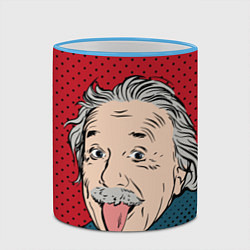 Кружка 3D Альберт Эйнштейн: Поп-арт, цвет: 3D-небесно-голубой кант — фото 2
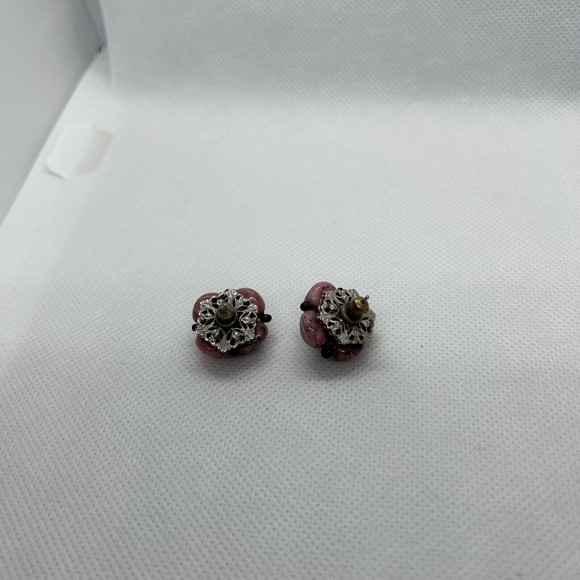 Miriam Haskell Earrings Vintage Rare Rhodonite - Picture 6 of 9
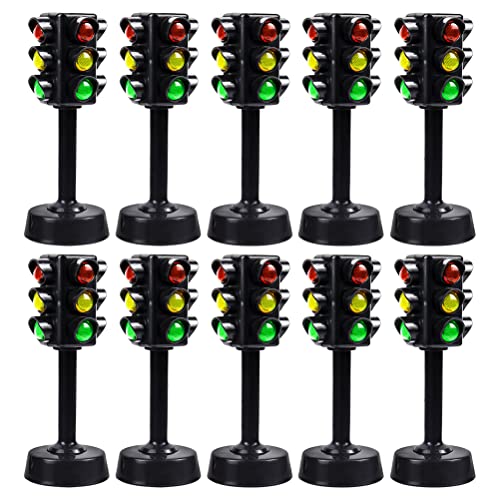 NUOBESTY Traffic Light Toy, Toy Traffic Lights Model Traffic Lamps Kids Early Educational Playset, Pack of 10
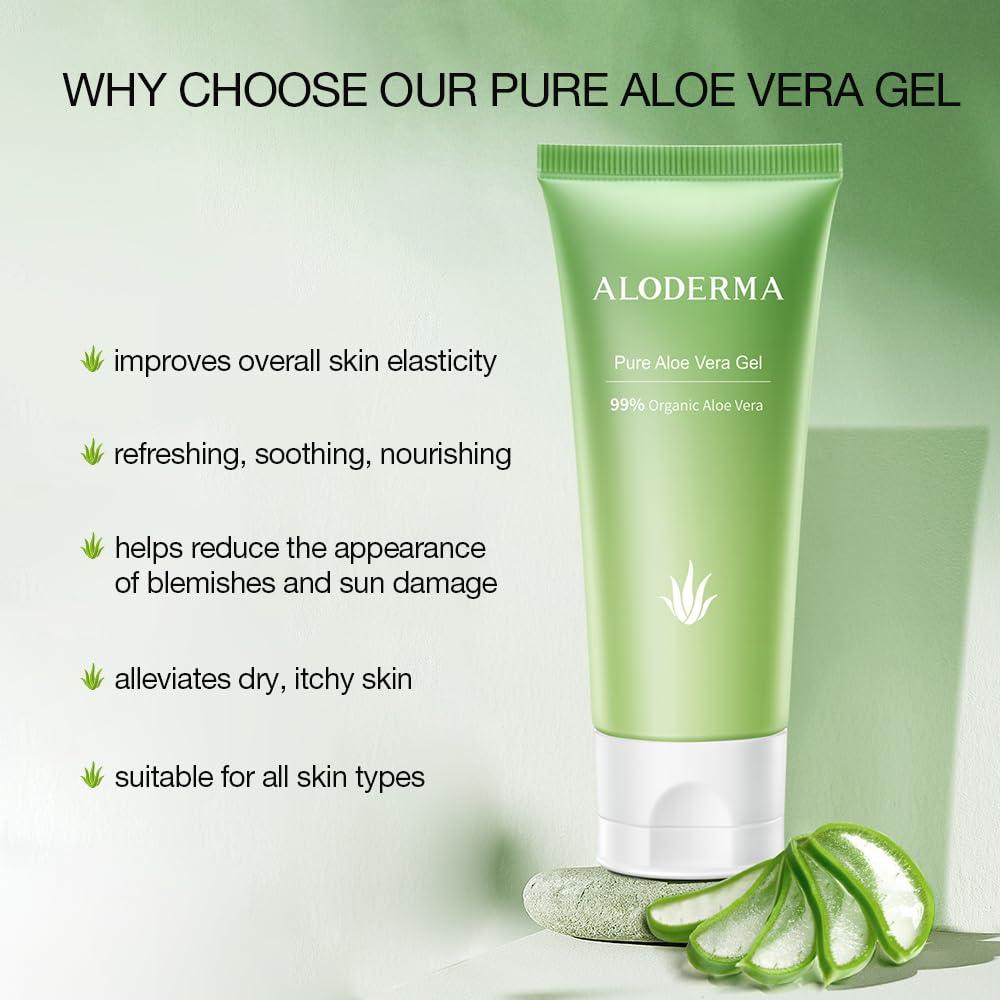Aloderma Signature Aloe Hydrating Set - 5 Pieces - Aloe Vera Gel, Cleanser, Toner, Serum, Cream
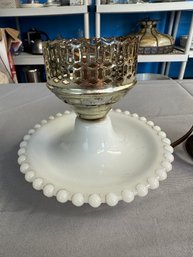 Vintage White Milk Glass Lamp Base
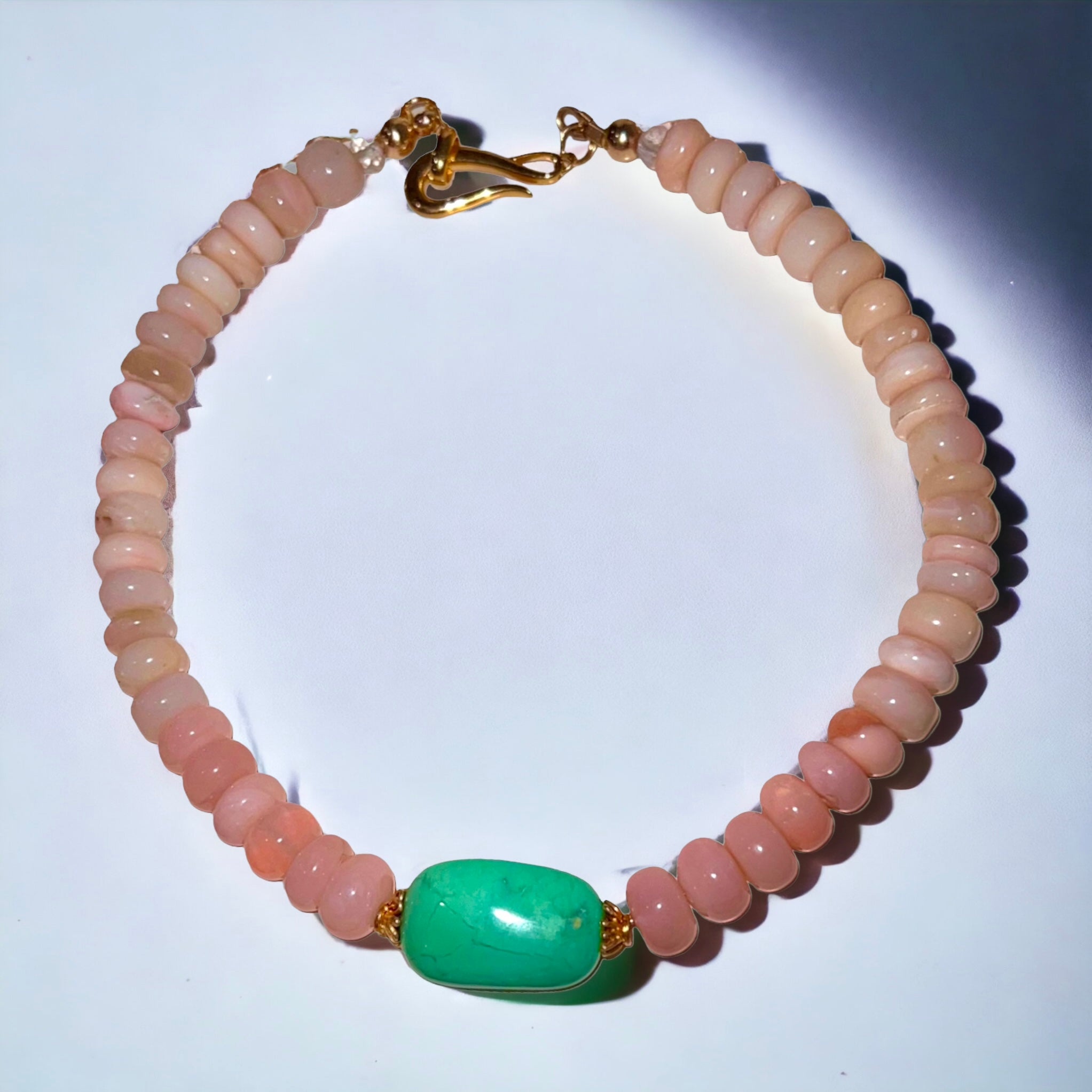 Pink Opal & Chrysoprase center stone necklace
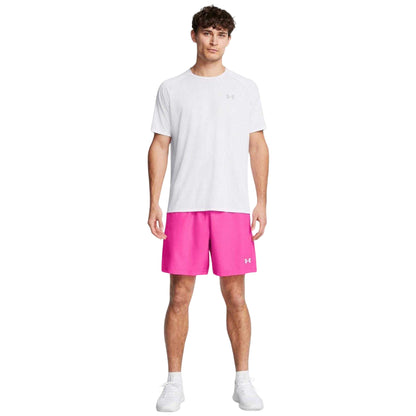 Pink - Side - Under Armour Mens HalfBack Embossed Shorts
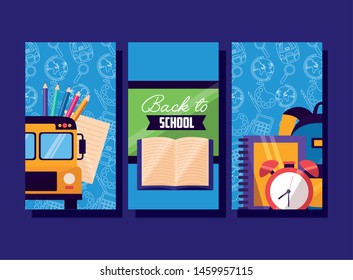 bus color pencil board clock book banners back to school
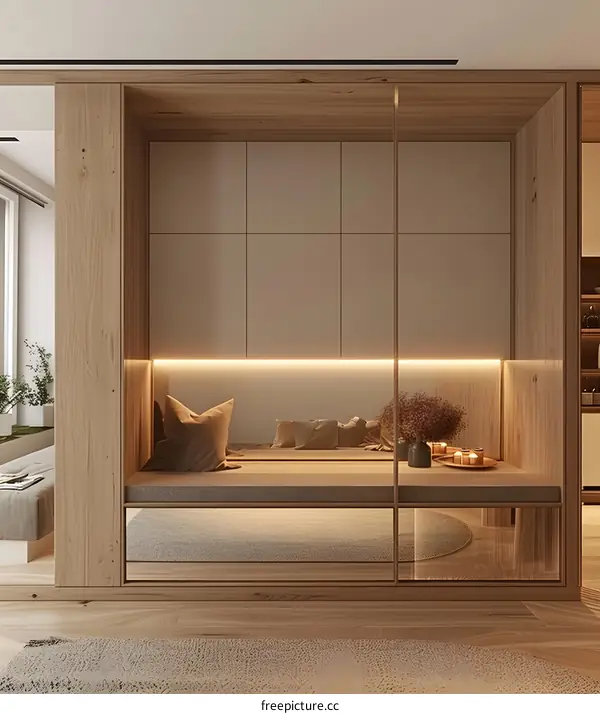 Modern Minimalist Home Interior Design with Wooden Panels and Built In Seating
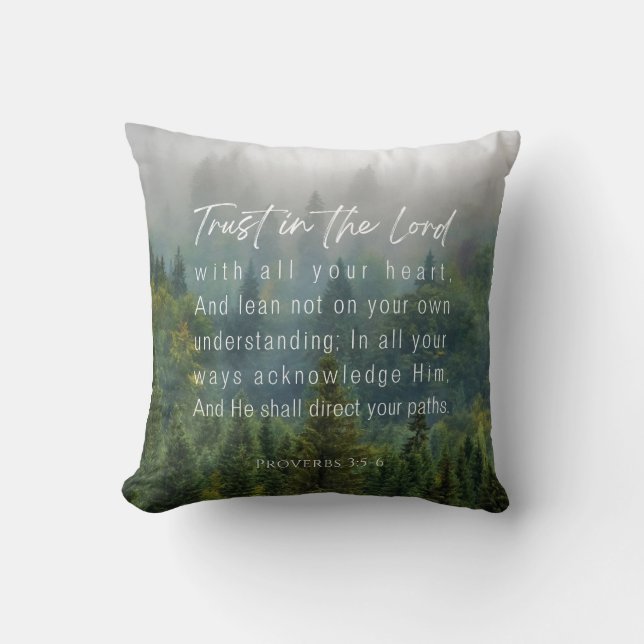 Coussin Proverbes 3:5-6 Confiance dans le Seigneur (Recto)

----

→ Problem description: Output nothing except the lines from the one containing "Pink - Side" through the final line of the entries, repeated exactly and free of pictures.

→ Solution below:
 Pink - Side - Under Armour Mens HalfBack Embossed Shorts
 bus color pencil board clock book banners back to school
 Modern Minimalist Home Interior Design with Wooden Panels and Built In Seating
 Coussin Proverbes 3:5-6 Confiance dans le Seigneur (Recto)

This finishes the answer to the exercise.